Metrics & spans¶
Aegis emits Prometheus metrics and OpenTelemetry traces from every run.
Prometheus metrics¶
Available at GET /metrics (no authentication required).
| Metric | Type | Labels | Description |
|---|---|---|---|
aegis_runs_total |
Counter | route, status |
Total number of governed runs |
aegis_run_duration_seconds |
Histogram | route, status |
Run duration in seconds |
Scrape configuration¶
scrape_configs:
- job_name: aegis
static_configs:
- targets: ['aegis:8000']
scrape_interval: 15s
The prometheus/prometheus.yml in the repository is pre-configured for
the Docker Compose observability profile.
OpenTelemetry spans¶
When a tracer is configured, Aegis creates a root span per run with:
| Attribute | Value |
|---|---|
aegis.run_id |
UUID of the run |
aegis.route |
Route name |
aegis.principal |
Principal ID (redacted in logs) |
aegis.status |
Final run status |
Child spans are created for each pipeline node:
aegis.node.<name>— span per guardrail or pipeline nodeaegis.node.<name>.verdict— verdict kind (allow/block/sanitize/require_approval)
Configuring an exporter¶
telemetry:
exporter: otlp
endpoint: http://otel-collector:4317
service_name: aegis-gateway
Supported exporters: otlp (gRPC), otlp_http, jaeger, zipkin.

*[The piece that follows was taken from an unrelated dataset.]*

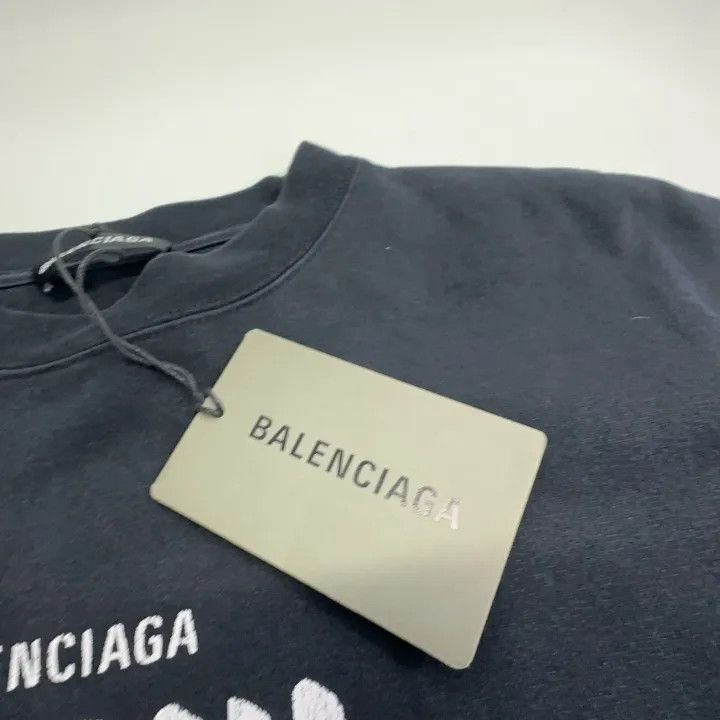 Balenciaga Balenciaga Crew Print Short Sleeve T-Shirt Size US S / EU 44-46 / 1 - 7 Thumbnail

Custom exporters are plugin adapters implementing the telemetry exporter contract.
Grafana¶
The repository ships a Grafana provisioning config at grafana/provisioning/.

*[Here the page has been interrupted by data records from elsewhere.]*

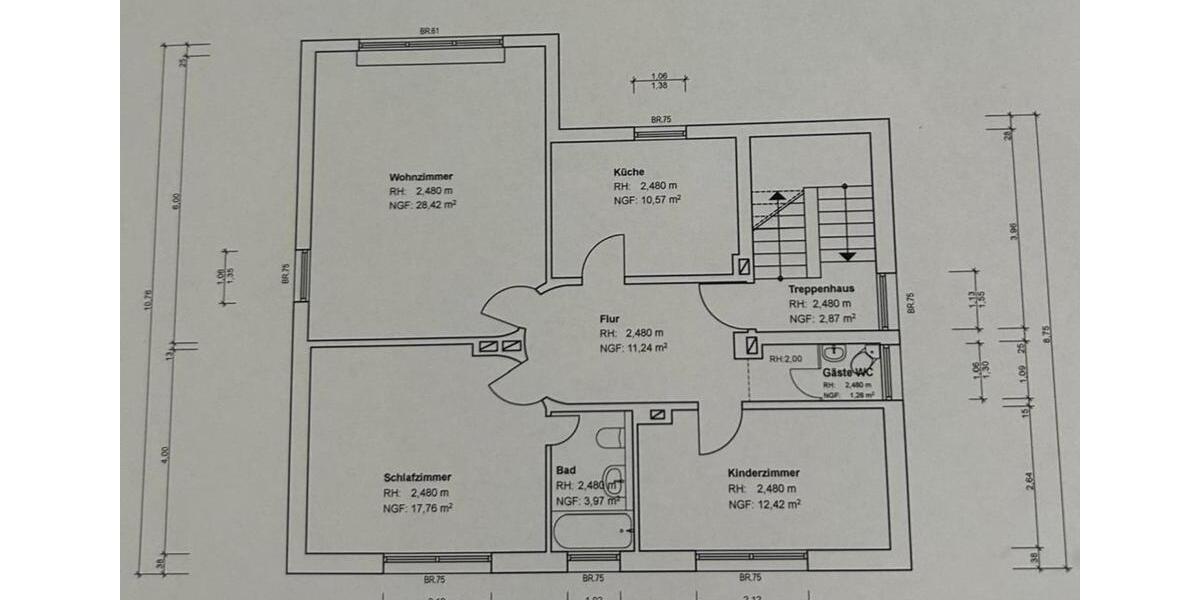 Etagenwohnung Hattingen - 3 Zimmer, 85 m&sup2;, 630&euro; | Angebot:24844947
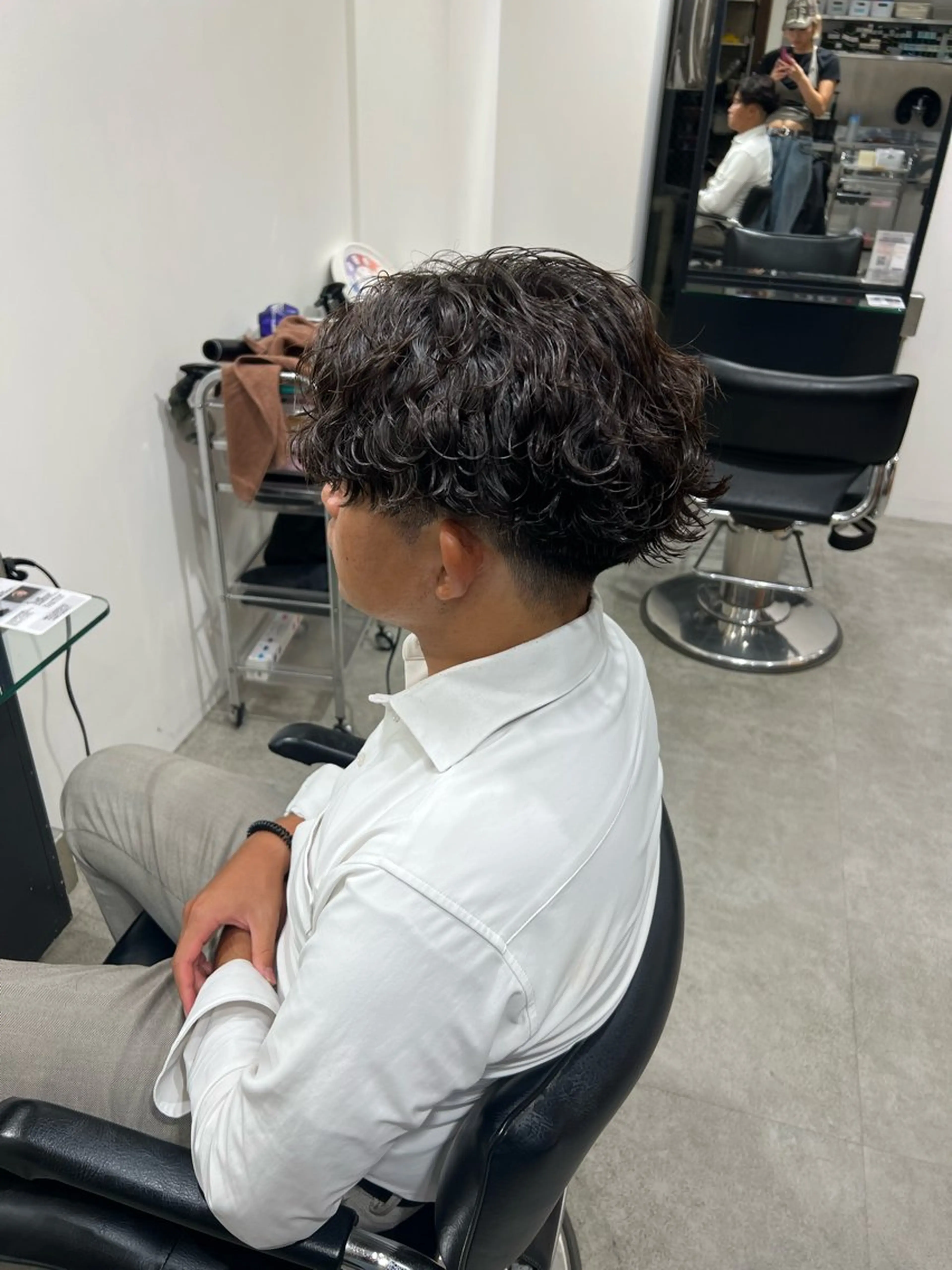 パーマ メンズ fifth神宮前 HIN★T★のヘアスタイル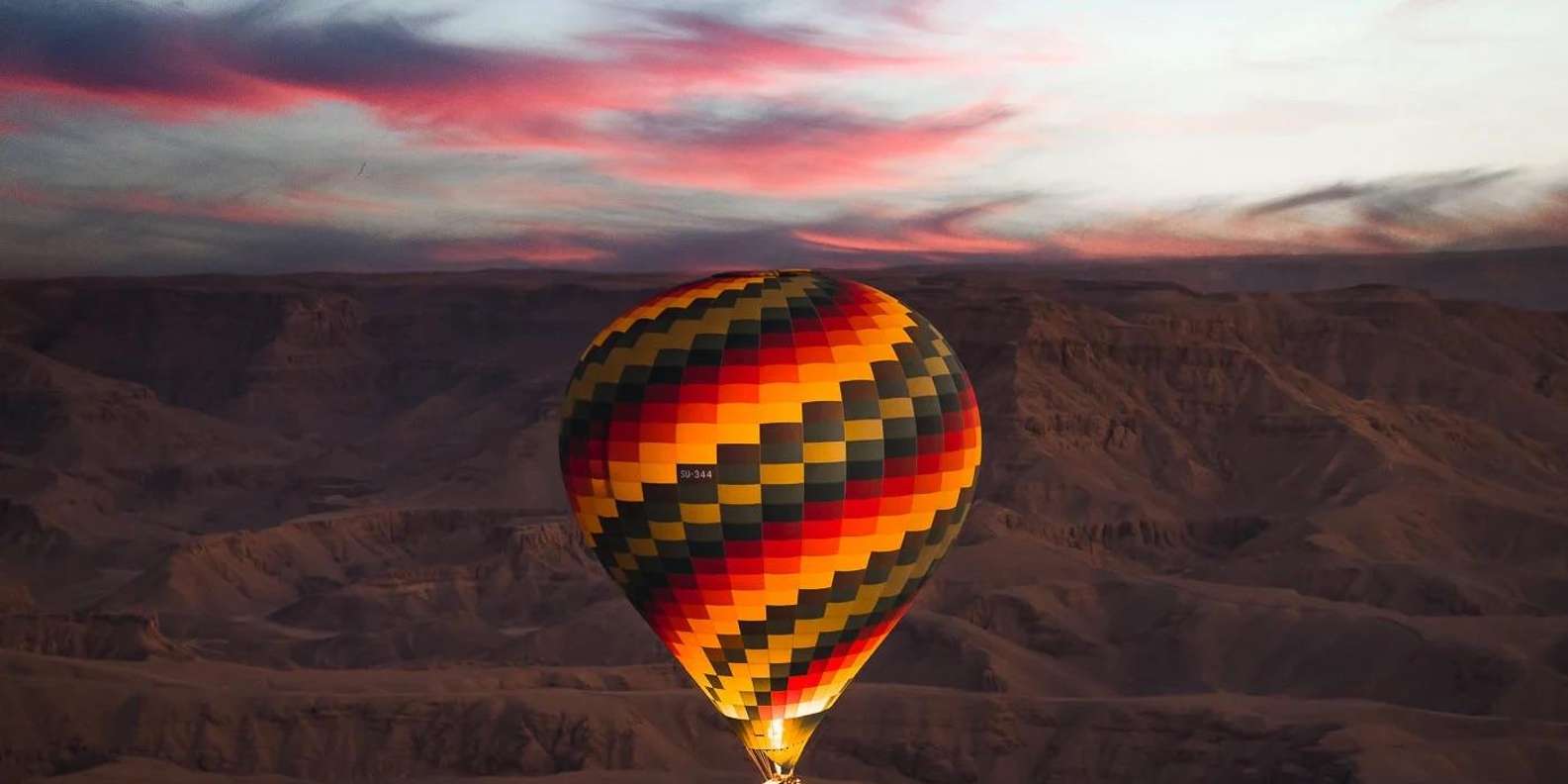 Luxor: Hot Air Balloon Ride Over Luxor Relics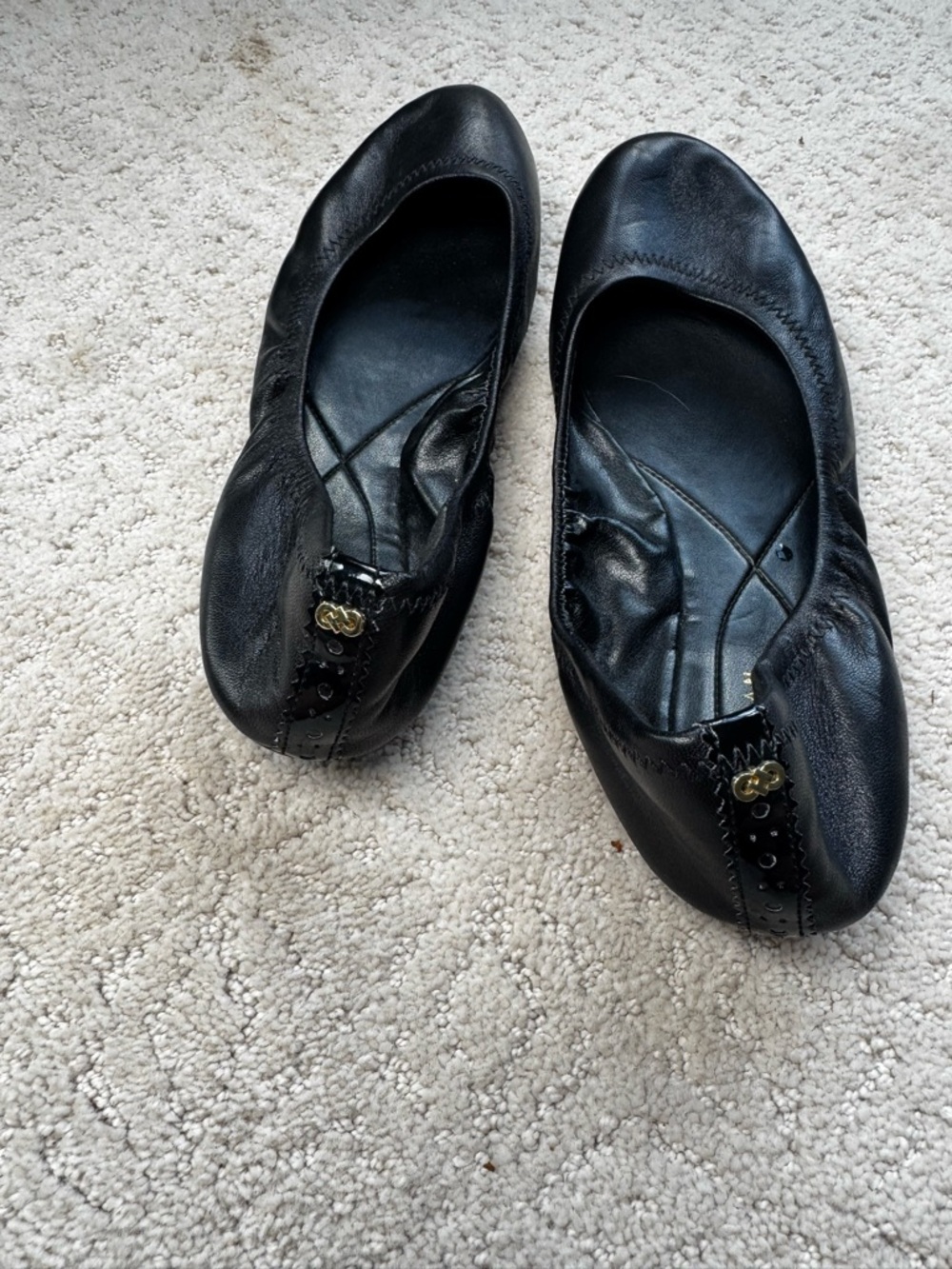 Cole Haan Black Leather Ballet Flats - 5.5 - Picture 2 of 7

Start the observability profile and open http://localhost:3001:
docker compose --profile observability up
The pre-built dashboard shows:
- Run rate and error rate by route
- P50/P95/P99 run duration
- Blocked vs completed run breakdown
- Active audit backlog
Security note¶
/metrics is excluded from authentication middleware so Prometheus can
scrape without credentials. Restrict access at the network level (firewall,
nginx allow/deny directives) if the metrics endpoint is sensitive.